What is the difference between UTF8 and utf8mb4 in MySQL?

Source: Internet
Author: User
What does this article bring to you about the difference between UTF8 and utf8mb4 in MySQL? , there is a certain reference value, the need for friends can refer to, I hope you have some help.

First, Introduction

MySQL added this utf8mb4 code after 5.5.3, Mb4 is the most bytes 4 meaning, specifically designed to be compatible with four-byte Unicode. Fortunately, UTF8MB4 is a superset of UTF8, except that there is no need to convert the encoding to UTF8MB4. Of course, in order to save space, the general use of UTF8 is enough.

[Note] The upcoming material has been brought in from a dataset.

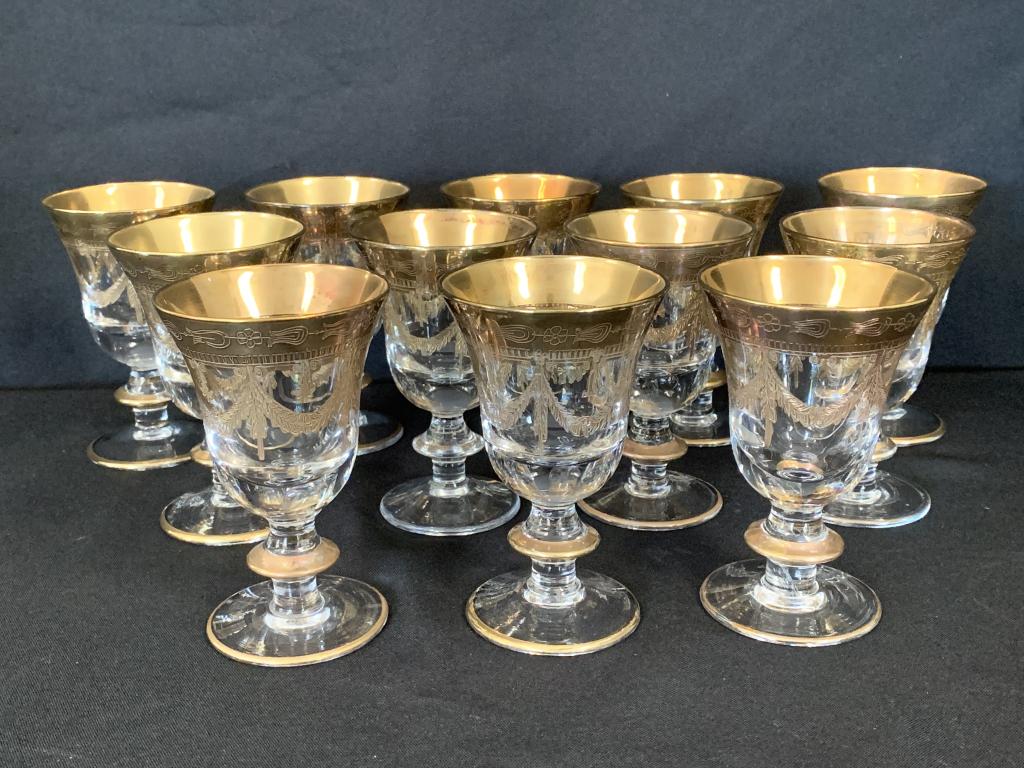 ITALIAN CRYSTAL ETCHED GOLD BURG WINE GLASSES X12: Italian crystal with gold rim and etchings of harps and swag detail. Amazing set of 12 small burgundy wine glasses. Good condition with a lot of wear to the gold on several glasses, see all pictures.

Ii. Description of Content

It says that since UTF8 can save most Chinese characters, why use UTF8MB4? The original MySQL supported UTF8 encoding maximum character length is 3 bytes, if you encounter a 4-byte wide character will insert an exception. The three-byte UTF-8 maximum encoded Unicode character is 0xFFFF, which is the basic Multilingual Plane (BMP) in Unicode. That is, any Unicode character that is not in the base multi-text plane cannot be stored using Mysql's UTF8 character set. Includes Emoji emoticons (Emoji is a special Unicode encoding, common on iOS and Android phones), and a lot of infrequently used Chinese characters, as well as any new Unicode characters and so on.

Iii. root causes of the problem

The original UTF-8 format uses one to six bytes and can encode 31 characters maximum. The latest UTF-8 specification uses only one to four bytes and can encode up to 21 bits, just to represent all 17 Unicode planes.

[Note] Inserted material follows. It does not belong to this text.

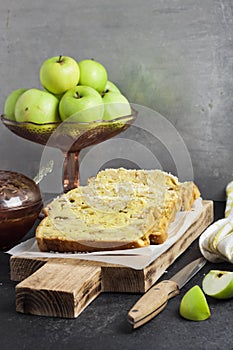 Apple and coconut loaf cake on wooden cutting board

UTF8 is a character set in Mysql that supports only a maximum of three bytes of UTF-8 characters, which is the basic multi-text plane in Unicode.

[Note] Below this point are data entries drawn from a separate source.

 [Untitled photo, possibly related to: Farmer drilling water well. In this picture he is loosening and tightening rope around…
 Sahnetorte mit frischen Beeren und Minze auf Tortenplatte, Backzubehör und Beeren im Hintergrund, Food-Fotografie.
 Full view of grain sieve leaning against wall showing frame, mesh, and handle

Why does UTF8 in Mysql only support a maximum of three bytes of UTF-8 characters?
I thought about it, probably because Mysql just started to develop that meeting, Unicode has no auxiliary plane this said. At the time, the Unicode commission was dreaming of "65,535 characters enough for the world". The length of the string in Mysql is counted as the number of characters, not bytes, and for CHAR data types, you need to keep the string long enough. When using the UTF8 character set, the length that needs to be retained is the length of the utf8 longest character multiplied by the length of the string, so it's natural to limit the length of the UTF8 to 3, for example, a CHAR of 300 bytes. As for the subsequent version, why not support the 4-byte length of the UTF-8 character, I think one is for backwards compatibility considerations, there is a basic multilingual plane outside the character is really rarely used.

To save 4-byte-long UTF-8 characters in Mysql, you need to use the UTF8MB4 character set, but only 5.5. After 3 versions are supported (View version: Select version ();). I think that in order to get better compatibility, you should always use UTF8MB4 instead of UTF8. For char type data, UTF8MB4 consumes more space and, according to Mysql's official recommendation, uses VARCHAR instead of char.

Related Article

Contact Us

The content source of this page is from Internet, which doesn't represent Alibaba Cloud's opinion; products and services mentioned on that page don't have any relationship with Alibaba Cloud. If the content of the page makes you feel confusing, please write us an email, we will handle the problem within 5 days after receiving your email.

If you find any instances of plagiarism from the community, please send an email to: info-contact@alibabacloud.com and provide relevant evidence. A staff member will contact you within 5 working days.

A Free Trial That Lets You Build Big!

Start building with 50+ products and up to 12 months usage for Elastic Compute Service

  • Sales Support

    1 on 1 presale consultation

  • After-Sales Support

    24/7 Technical Support 6 Free Tickets per Quarter Faster Response

  • Alibaba Cloud offers highly flexible support services tailored to meet your exact needs.